_INSTRUCTIONS TO FOLLOW_
The output should hold exactly, and only, the lines from the line bearing "Ore, Bishoujo Senshi Yamemasu 2 - Page 6" through the last line of the listing below, and no pictures.

_EXERCISE DATA_
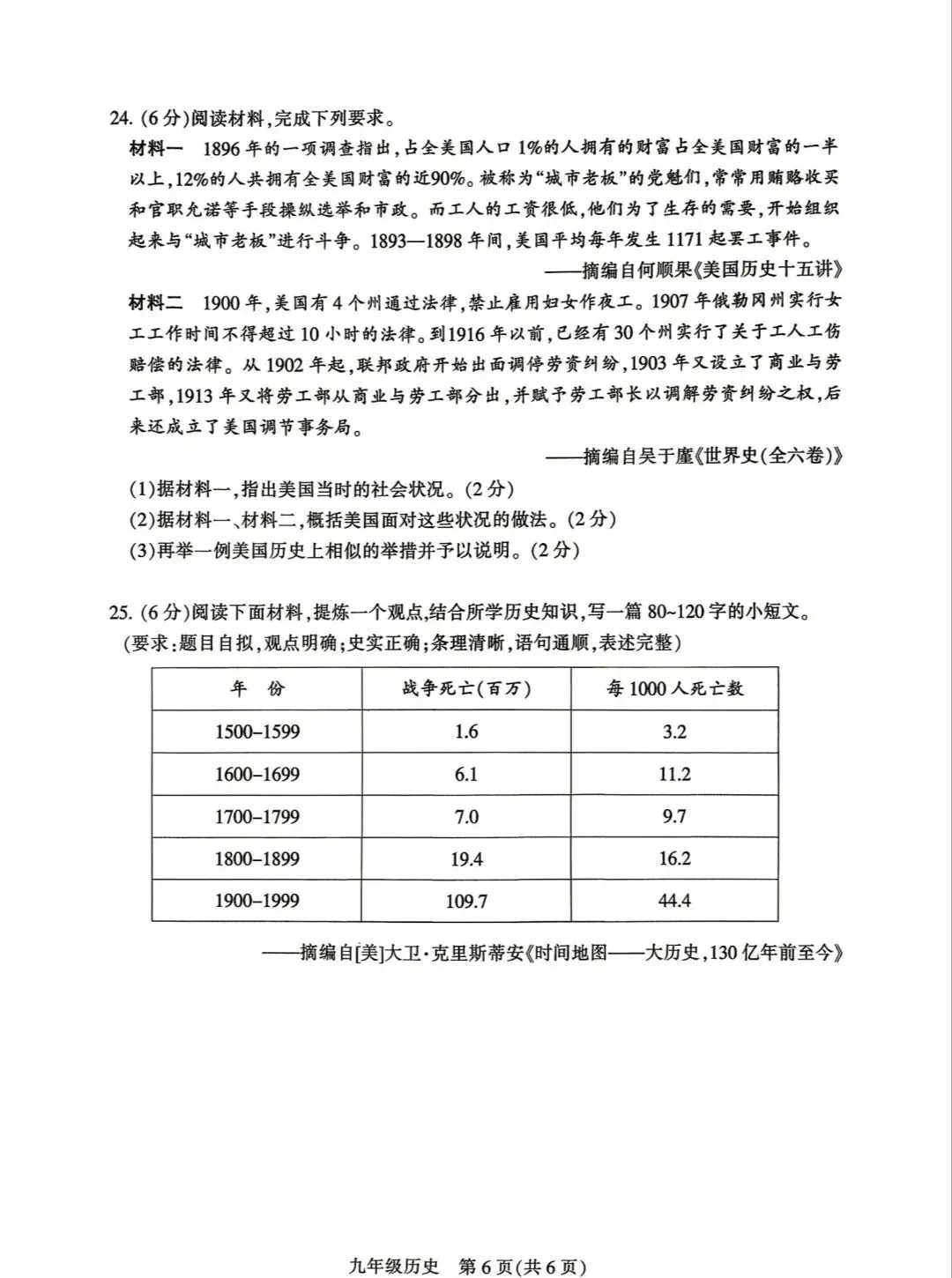 平顶山一模历史试卷及答案 第6张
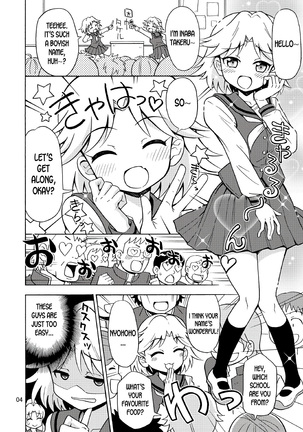 Ore, Bishoujo Senshi Yamemasu 2 - Page 6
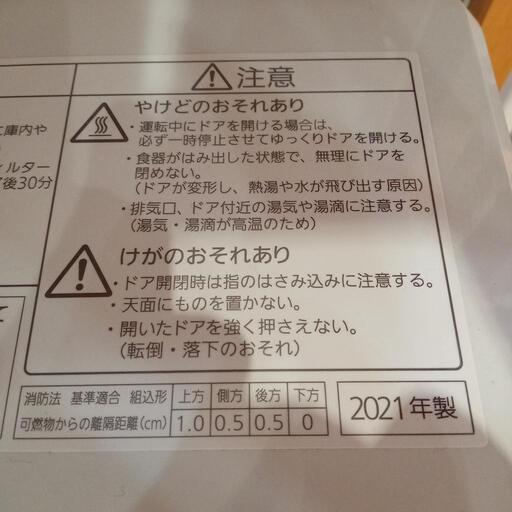 ★美品❗【パナソニック】プチ食器洗い乾燥機　2021年製(NP-TCR4)【3ヶ月保証付き】取扱説明書あり自社配送時代引き可※現金、クレジット、スマホ決済対応※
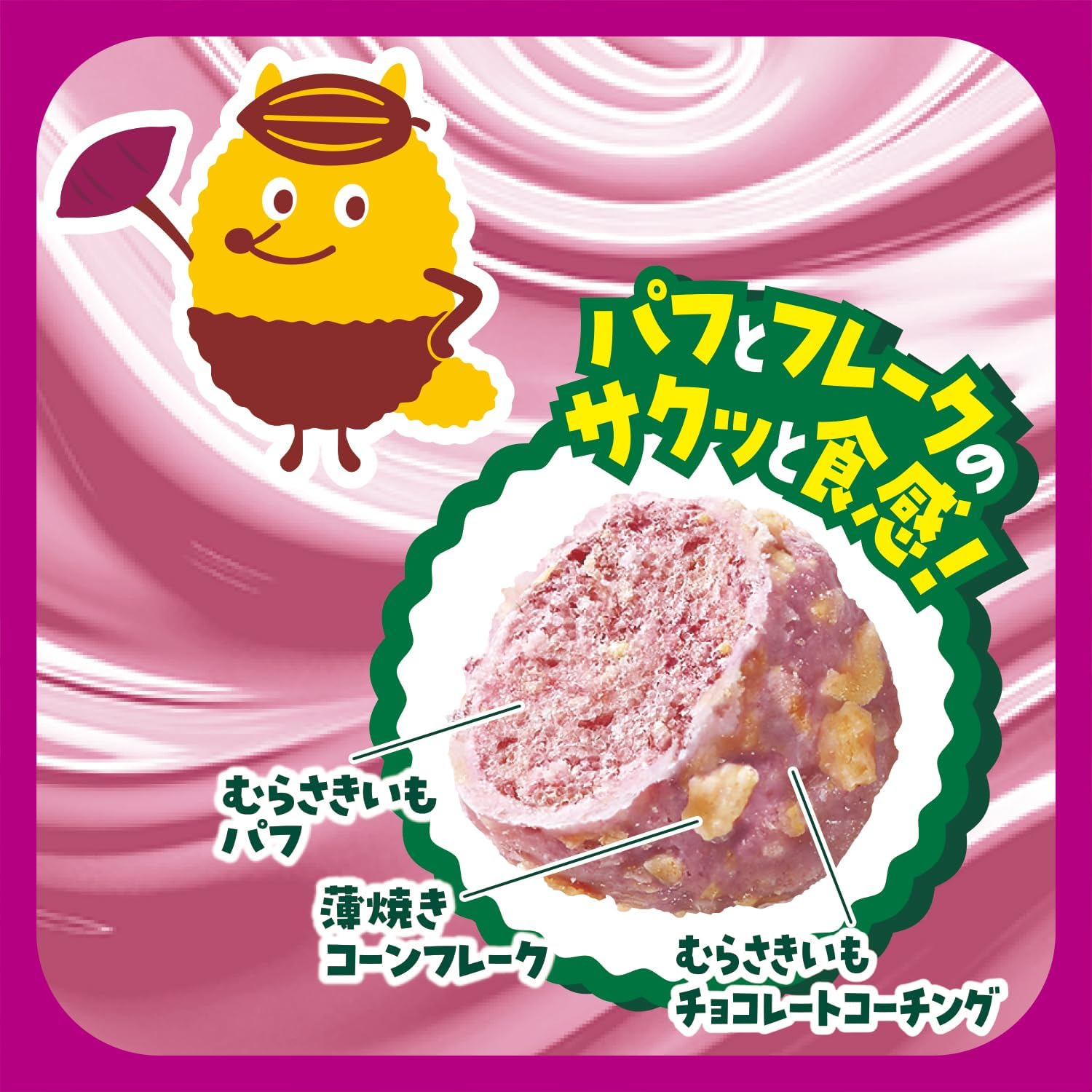 Nissin Cisco Chocolate Flakes Crispy Pop Mont Blanc, 1.1 oz (30 g) × 14 Bags | Japanese Sweet Snack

_RESULT FOR THIS TASK_
 Ore, Bishoujo Senshi Yamemasu 2 - Page 6
 ★美品❗【パナソニック】プチ食器洗い乾燥機　2021年製(NP-TCR4)【3ヶ月保証付き】取扱説明書あり自社配送時代引き可※現金、クレジット、スマホ決済対応※
 Nissin Cisco Chocolate Flakes Crispy Pop Mont Blanc, 1.1 oz (30 g) × 14 Bags | Japanese Sweet Snack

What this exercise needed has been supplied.